### Data extracted from a collection

####################

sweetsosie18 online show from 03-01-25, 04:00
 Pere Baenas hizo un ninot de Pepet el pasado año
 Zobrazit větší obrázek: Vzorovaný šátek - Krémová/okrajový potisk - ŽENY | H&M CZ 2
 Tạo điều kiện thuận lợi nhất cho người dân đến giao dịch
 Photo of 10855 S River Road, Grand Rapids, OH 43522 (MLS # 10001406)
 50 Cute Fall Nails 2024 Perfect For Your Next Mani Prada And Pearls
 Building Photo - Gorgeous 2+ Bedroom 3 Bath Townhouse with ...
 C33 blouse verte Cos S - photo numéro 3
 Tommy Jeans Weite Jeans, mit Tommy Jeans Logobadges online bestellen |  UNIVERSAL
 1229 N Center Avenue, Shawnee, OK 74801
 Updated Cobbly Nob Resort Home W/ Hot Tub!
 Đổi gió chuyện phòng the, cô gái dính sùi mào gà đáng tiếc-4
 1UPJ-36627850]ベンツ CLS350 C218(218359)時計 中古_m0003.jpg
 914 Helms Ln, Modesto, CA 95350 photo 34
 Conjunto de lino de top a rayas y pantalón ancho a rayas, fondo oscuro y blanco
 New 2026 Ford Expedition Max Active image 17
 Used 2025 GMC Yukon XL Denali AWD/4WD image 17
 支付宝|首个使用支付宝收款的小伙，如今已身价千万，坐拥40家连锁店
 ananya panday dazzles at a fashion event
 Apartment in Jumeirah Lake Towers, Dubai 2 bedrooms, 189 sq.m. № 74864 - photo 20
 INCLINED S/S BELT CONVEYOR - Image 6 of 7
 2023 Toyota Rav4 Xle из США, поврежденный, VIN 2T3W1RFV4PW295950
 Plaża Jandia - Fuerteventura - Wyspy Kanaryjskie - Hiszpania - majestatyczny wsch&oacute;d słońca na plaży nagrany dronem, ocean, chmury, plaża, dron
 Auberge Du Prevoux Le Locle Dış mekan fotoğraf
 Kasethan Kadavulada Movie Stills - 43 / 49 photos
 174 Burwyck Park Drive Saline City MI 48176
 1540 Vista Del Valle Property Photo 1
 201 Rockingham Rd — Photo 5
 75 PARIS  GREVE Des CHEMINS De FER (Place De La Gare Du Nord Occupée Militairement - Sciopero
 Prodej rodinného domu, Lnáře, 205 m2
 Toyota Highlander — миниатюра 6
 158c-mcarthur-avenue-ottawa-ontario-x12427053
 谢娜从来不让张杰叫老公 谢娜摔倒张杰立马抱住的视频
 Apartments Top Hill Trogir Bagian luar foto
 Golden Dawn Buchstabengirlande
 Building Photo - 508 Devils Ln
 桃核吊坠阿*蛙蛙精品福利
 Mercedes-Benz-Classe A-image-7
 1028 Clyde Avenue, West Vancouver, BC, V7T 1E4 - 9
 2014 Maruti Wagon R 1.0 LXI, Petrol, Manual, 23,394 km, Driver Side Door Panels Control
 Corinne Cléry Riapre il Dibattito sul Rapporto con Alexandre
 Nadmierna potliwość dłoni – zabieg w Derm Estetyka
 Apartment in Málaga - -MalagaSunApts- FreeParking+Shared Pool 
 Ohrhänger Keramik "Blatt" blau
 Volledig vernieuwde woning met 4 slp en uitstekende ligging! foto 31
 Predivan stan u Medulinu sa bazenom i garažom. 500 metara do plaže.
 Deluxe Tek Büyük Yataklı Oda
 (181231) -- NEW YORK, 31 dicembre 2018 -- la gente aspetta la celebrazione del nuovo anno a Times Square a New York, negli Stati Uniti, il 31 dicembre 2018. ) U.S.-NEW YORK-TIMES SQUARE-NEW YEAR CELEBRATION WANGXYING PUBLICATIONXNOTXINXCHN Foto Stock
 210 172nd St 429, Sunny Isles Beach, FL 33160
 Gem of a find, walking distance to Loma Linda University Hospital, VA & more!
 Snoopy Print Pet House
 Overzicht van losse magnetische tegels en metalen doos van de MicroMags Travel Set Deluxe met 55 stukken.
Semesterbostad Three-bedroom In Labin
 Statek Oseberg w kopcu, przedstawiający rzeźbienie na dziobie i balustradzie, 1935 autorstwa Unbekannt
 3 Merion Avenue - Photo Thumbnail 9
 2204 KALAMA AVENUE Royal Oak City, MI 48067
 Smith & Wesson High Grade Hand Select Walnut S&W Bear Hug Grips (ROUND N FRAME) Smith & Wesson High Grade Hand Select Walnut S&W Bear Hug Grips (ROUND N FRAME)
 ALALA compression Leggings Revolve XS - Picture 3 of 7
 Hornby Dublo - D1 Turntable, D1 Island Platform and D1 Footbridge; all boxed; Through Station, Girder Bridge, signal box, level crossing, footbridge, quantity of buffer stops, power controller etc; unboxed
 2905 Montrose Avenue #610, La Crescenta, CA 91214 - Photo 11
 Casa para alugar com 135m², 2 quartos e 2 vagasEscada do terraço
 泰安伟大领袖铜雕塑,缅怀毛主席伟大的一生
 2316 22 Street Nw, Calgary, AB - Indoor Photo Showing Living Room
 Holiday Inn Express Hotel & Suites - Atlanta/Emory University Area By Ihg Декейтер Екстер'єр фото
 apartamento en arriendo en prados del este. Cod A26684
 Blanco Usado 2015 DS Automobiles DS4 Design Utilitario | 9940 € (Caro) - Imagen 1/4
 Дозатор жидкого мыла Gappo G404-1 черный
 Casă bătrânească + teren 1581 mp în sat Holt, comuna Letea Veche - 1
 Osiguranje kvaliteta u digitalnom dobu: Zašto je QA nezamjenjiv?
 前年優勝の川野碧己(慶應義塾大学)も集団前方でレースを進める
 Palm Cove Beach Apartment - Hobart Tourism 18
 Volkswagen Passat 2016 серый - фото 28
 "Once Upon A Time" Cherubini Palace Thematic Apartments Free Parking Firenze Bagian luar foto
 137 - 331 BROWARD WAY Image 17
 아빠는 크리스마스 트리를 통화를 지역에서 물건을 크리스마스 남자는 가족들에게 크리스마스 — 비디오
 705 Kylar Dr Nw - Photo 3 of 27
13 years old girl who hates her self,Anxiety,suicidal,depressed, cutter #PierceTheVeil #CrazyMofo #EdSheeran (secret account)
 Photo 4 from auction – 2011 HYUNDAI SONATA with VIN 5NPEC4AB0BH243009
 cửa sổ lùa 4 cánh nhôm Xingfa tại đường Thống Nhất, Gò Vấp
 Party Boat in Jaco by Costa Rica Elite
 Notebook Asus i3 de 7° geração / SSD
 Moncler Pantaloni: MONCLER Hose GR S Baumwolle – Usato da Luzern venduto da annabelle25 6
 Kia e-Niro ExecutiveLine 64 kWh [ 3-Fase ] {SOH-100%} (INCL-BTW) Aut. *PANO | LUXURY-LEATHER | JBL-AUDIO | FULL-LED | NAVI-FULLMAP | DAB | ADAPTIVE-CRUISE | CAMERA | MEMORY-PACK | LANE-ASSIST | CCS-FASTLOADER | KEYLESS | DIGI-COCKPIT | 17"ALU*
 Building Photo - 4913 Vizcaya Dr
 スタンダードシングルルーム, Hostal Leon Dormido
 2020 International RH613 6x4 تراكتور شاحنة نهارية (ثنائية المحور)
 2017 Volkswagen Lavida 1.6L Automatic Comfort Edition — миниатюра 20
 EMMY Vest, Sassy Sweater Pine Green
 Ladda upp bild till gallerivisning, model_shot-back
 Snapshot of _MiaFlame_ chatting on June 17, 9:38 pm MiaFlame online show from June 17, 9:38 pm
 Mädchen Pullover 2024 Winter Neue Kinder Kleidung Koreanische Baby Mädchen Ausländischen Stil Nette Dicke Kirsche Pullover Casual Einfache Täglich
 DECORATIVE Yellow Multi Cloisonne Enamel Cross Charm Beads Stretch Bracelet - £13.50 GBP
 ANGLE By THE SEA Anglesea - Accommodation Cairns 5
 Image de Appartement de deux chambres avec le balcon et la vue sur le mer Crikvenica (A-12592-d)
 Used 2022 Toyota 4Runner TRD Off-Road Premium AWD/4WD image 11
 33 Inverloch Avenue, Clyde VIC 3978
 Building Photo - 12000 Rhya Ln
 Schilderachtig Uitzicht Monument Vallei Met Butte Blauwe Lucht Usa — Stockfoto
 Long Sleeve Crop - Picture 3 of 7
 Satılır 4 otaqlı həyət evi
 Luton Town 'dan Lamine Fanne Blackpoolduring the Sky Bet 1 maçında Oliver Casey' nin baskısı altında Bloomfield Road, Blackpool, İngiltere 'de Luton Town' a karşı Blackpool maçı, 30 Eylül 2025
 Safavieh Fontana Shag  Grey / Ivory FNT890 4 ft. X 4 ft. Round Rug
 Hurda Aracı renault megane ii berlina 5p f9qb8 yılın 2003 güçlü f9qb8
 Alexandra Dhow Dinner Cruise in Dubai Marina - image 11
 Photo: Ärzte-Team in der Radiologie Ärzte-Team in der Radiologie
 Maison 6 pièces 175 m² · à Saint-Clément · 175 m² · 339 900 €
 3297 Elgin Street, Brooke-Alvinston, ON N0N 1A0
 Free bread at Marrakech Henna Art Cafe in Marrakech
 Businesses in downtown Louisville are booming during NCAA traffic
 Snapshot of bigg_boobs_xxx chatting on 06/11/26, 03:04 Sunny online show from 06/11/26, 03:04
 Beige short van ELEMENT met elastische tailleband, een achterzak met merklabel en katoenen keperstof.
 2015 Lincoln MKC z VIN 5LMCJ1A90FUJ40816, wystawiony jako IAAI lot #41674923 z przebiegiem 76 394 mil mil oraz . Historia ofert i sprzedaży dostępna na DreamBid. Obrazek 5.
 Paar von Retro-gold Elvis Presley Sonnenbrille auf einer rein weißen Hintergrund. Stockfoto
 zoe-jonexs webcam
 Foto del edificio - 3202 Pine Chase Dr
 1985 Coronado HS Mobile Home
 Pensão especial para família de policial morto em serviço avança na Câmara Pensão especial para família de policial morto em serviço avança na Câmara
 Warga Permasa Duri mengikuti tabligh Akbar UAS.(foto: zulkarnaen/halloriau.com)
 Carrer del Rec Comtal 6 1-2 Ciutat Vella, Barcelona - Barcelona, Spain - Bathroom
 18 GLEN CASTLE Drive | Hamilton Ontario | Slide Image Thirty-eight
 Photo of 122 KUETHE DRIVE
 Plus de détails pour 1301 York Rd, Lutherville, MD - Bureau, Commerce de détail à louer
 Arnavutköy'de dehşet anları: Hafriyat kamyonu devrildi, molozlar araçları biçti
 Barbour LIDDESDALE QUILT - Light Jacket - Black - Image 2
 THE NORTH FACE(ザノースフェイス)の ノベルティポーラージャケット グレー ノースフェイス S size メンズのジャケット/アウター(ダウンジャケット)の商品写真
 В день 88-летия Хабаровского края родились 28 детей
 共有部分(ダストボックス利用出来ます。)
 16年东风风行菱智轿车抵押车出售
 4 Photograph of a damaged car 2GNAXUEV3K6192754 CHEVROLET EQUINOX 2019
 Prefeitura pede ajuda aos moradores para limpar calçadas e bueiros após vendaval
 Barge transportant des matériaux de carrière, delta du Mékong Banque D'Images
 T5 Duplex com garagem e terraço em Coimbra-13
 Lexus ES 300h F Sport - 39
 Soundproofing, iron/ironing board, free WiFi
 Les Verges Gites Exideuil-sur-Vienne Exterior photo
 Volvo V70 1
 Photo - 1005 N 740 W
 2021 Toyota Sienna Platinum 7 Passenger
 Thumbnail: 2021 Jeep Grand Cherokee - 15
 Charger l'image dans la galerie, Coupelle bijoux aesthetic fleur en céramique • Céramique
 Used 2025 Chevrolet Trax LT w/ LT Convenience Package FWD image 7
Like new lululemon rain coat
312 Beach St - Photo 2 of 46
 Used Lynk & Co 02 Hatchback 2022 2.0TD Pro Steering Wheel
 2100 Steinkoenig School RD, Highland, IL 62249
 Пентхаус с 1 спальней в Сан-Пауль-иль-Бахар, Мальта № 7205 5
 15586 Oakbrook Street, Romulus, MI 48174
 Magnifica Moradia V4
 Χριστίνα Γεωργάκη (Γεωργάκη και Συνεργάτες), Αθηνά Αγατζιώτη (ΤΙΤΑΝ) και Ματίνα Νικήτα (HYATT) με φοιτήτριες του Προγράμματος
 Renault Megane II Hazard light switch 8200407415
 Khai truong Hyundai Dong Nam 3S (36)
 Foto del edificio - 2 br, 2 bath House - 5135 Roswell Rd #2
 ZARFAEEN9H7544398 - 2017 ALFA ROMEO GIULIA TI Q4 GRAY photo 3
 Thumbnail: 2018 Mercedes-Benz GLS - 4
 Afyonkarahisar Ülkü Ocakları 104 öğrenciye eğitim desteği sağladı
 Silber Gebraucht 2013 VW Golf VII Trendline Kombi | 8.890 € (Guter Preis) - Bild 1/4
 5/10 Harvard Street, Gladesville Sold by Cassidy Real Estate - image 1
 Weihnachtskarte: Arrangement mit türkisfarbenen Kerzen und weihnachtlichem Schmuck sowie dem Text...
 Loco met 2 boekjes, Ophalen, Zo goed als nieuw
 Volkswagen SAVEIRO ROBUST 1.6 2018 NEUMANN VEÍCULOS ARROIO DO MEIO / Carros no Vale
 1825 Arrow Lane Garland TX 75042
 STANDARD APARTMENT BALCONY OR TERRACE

####################

### WORK TO COMPLETE
The lines in the entries above that carry the word "City" must be copied.

### SOLUTION TO THIS PROBLEM
 174 Burwyck Park Drive Saline City MI 48176
 2204 KALAMA AVENUE Royal Oak City, MI 48067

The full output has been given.